• What you need to do
Restate verbatim the span of lines below between the line with "Cokan - Brecevic (Portoroz, 2003)" and the line with "嚴(yán)選靜腌原切批發(fā)菲力黑椒西冷牛扒商用地?cái)偨诸^牛排", including those two lines, and only that span.

Short text fragments from websites:
---------------
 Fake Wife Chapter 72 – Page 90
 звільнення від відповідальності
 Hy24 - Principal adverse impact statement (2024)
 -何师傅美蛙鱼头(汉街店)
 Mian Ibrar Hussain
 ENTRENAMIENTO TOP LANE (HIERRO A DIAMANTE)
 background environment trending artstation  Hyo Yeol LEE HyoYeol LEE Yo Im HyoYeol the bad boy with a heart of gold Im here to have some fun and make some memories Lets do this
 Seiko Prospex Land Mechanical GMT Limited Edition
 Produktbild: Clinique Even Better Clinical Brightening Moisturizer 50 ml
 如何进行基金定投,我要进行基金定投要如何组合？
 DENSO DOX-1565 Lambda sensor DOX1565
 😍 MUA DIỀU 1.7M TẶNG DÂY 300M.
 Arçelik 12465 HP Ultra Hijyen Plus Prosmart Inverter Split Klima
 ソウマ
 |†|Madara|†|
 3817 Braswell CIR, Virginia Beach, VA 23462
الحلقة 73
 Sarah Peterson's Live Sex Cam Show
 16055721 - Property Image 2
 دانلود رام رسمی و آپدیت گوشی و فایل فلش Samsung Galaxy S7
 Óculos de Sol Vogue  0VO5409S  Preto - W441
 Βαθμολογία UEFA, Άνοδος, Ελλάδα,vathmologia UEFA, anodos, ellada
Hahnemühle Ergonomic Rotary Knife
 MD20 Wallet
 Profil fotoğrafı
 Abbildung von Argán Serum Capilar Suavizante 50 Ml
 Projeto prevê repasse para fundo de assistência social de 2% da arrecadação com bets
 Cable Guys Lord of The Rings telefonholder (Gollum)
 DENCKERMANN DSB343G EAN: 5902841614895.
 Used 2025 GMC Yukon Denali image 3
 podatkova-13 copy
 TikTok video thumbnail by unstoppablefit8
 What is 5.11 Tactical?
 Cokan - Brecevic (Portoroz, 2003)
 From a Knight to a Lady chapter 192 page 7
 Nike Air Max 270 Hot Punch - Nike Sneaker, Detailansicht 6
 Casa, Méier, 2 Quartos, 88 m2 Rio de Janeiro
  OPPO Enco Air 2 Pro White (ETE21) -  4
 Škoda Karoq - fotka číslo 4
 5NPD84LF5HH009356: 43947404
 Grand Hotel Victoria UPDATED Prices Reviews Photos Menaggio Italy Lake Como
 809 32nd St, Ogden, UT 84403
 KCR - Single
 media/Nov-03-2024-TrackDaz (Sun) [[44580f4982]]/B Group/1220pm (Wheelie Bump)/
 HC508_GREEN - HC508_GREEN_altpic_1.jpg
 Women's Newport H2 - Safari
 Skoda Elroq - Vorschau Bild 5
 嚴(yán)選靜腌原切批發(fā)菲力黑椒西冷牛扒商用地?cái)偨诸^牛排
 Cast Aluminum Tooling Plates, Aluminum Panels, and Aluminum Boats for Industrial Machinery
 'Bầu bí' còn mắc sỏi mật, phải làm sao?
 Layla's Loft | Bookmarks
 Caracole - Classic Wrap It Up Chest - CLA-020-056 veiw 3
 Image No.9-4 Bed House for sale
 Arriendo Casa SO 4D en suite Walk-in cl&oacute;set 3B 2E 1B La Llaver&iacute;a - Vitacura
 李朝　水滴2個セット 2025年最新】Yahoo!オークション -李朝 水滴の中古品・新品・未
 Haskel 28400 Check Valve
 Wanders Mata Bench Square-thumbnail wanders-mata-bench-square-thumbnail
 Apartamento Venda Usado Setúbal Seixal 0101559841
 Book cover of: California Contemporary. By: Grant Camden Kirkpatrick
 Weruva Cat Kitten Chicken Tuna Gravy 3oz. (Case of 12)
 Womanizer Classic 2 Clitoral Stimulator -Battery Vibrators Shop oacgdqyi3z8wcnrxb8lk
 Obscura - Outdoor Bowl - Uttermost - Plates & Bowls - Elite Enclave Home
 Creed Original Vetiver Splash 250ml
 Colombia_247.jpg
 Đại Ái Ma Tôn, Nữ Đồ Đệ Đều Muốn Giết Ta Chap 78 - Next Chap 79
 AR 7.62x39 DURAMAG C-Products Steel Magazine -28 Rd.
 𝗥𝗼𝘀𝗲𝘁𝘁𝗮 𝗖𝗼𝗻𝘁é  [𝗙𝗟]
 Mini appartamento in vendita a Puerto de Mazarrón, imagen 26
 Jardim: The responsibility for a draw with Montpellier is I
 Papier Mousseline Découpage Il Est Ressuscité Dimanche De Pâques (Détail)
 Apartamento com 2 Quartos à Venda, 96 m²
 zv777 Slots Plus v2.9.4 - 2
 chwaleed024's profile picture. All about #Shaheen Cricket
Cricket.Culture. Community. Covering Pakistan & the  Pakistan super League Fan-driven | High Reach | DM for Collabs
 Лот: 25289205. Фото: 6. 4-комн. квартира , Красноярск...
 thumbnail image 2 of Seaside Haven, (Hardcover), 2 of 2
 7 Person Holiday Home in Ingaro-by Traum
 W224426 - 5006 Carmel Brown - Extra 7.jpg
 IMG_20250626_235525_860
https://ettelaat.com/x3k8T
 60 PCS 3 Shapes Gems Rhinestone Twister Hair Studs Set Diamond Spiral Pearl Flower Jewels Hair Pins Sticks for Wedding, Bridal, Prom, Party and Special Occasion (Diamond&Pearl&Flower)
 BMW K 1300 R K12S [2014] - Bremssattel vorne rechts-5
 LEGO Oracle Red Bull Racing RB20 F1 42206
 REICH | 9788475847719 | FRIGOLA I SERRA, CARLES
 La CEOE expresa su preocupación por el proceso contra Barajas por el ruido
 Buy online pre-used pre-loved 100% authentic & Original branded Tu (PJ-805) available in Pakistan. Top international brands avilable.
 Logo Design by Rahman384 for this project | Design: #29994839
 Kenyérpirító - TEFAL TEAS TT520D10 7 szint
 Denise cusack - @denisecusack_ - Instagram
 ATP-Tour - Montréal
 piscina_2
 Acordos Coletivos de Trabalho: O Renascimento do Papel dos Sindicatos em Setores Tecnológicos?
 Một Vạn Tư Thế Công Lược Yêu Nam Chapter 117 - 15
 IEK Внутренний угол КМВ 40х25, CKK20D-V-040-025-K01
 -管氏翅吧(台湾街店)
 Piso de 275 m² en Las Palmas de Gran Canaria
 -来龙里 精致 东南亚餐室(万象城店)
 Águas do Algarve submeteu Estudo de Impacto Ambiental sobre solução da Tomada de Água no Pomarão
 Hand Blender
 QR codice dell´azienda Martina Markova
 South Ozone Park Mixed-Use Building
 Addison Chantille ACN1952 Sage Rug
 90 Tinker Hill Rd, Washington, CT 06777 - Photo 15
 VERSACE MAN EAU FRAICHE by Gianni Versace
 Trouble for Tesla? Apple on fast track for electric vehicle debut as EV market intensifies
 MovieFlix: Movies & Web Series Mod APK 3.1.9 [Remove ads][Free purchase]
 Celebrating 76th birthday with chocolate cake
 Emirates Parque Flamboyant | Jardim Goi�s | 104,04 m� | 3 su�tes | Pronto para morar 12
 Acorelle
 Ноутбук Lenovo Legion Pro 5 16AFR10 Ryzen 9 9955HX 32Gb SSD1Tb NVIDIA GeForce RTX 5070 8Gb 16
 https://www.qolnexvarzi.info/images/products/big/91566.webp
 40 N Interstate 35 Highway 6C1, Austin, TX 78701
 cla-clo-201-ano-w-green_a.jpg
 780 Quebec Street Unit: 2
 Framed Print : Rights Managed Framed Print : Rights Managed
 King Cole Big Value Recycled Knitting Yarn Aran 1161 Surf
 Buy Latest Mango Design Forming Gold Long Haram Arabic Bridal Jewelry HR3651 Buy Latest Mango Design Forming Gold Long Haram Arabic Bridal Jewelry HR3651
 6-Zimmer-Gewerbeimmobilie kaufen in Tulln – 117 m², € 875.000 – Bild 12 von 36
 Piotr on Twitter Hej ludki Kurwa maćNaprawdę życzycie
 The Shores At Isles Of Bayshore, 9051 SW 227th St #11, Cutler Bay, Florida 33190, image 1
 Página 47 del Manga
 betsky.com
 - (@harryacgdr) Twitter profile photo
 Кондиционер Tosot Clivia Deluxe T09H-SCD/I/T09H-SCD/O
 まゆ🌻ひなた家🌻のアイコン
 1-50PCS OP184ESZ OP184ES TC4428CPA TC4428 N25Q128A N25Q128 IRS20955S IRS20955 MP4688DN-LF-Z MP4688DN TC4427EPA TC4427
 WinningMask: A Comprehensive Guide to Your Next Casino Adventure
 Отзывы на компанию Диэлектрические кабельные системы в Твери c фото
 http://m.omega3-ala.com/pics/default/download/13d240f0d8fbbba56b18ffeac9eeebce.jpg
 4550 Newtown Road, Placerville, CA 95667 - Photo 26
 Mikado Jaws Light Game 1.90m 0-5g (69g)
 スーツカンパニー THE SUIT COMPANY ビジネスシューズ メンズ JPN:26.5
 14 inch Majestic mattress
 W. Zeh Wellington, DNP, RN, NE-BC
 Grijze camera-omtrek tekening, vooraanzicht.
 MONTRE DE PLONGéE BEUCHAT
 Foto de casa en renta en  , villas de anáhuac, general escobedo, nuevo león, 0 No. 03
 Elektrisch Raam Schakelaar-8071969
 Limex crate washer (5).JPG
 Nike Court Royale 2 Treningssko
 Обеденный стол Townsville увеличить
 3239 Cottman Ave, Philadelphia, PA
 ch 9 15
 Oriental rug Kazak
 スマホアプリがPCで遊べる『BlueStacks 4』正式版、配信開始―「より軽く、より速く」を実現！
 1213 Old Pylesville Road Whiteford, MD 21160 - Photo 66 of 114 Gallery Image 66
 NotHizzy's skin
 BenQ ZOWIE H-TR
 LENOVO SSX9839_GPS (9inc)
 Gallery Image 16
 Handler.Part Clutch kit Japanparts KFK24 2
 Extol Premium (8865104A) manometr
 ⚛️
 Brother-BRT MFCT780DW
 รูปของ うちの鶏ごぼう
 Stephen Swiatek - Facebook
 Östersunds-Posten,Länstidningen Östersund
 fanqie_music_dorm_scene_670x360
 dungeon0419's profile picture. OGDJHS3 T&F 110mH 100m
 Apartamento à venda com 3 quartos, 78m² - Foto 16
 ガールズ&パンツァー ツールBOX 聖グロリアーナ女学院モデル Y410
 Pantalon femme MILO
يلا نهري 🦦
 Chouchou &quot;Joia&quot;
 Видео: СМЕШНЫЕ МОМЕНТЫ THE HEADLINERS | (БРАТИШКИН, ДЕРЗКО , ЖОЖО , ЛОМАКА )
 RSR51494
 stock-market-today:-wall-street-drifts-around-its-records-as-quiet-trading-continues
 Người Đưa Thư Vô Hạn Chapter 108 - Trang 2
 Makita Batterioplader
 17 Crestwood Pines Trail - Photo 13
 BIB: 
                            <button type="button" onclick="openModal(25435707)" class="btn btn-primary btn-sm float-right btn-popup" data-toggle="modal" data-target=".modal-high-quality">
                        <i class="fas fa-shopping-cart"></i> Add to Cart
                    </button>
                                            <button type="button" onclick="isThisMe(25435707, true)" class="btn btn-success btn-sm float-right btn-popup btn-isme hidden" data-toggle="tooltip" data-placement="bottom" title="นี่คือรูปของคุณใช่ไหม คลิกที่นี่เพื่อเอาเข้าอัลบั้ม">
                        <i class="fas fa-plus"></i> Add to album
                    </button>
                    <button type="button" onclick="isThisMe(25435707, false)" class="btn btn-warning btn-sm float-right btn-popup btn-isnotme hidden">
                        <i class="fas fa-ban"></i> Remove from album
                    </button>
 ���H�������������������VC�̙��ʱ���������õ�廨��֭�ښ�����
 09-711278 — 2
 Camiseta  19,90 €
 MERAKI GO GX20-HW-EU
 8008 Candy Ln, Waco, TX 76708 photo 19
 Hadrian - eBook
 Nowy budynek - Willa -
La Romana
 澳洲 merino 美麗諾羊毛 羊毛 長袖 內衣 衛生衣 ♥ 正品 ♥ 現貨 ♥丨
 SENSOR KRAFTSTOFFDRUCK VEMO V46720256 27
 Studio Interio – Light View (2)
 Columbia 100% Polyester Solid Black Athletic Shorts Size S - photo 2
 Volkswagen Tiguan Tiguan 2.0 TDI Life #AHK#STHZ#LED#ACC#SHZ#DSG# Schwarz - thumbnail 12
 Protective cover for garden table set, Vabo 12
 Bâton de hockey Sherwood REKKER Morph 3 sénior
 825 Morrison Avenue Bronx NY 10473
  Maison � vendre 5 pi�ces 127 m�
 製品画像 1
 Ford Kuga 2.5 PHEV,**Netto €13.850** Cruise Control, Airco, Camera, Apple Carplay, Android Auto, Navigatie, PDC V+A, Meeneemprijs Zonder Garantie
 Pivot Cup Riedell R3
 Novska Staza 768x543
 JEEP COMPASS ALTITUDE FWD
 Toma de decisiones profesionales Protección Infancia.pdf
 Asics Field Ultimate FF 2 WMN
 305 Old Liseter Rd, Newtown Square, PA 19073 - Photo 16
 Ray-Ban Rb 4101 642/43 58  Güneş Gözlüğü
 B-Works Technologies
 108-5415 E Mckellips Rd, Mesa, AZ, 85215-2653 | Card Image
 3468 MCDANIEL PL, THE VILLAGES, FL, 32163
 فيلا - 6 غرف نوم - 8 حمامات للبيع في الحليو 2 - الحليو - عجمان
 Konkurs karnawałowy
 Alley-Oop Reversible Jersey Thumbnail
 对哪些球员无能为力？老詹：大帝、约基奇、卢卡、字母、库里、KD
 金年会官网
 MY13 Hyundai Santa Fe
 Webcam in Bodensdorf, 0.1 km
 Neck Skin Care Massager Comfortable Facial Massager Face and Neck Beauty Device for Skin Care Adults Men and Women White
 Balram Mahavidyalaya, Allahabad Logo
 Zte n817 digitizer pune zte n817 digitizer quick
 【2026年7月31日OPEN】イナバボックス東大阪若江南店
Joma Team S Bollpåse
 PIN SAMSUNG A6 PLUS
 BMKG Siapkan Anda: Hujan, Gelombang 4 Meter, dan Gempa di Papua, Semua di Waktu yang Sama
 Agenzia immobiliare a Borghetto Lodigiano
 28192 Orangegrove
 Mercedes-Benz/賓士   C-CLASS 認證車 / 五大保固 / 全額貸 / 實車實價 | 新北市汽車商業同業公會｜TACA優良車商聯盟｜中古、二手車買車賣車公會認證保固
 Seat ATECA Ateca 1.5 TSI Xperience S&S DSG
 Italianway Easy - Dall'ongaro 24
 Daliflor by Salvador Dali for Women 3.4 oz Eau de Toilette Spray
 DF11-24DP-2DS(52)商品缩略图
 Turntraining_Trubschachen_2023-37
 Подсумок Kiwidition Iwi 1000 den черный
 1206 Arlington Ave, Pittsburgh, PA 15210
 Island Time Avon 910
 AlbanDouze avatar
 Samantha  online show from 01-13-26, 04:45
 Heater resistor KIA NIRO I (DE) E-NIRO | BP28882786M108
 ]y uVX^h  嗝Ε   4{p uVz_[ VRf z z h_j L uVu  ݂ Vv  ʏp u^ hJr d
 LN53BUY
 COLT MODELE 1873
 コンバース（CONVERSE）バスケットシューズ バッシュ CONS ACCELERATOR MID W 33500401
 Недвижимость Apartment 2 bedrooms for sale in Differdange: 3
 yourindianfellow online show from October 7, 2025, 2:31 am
---------------
• Answer area
 Cokan - Brecevic (Portoroz, 2003)
 From a Knight to a Lady chapter 192 page 7
 Nike Air Max 270 Hot Punch - Nike Sneaker, Detailansicht 6
 Casa, Méier, 2 Quartos, 88 m2 Rio de Janeiro
  OPPO Enco Air 2 Pro White (ETE21) -  4
 Škoda Karoq - fotka číslo 4
 5NPD84LF5HH009356: 43947404
 Grand Hotel Victoria UPDATED Prices Reviews Photos Menaggio Italy Lake Como
 809 32nd St, Ogden, UT 84403
 KCR - Single
 media/Nov-03-2024-TrackDaz (Sun) [[44580f4982]]/B Group/1220pm (Wheelie Bump)/
 HC508_GREEN - HC508_GREEN_altpic_1.jpg
 Women's Newport H2 - Safari
 Skoda Elroq - Vorschau Bild 5
 嚴(yán)選靜腌原切批發(fā)菲力黑椒西冷牛扒商用地?cái)偨诸^牛排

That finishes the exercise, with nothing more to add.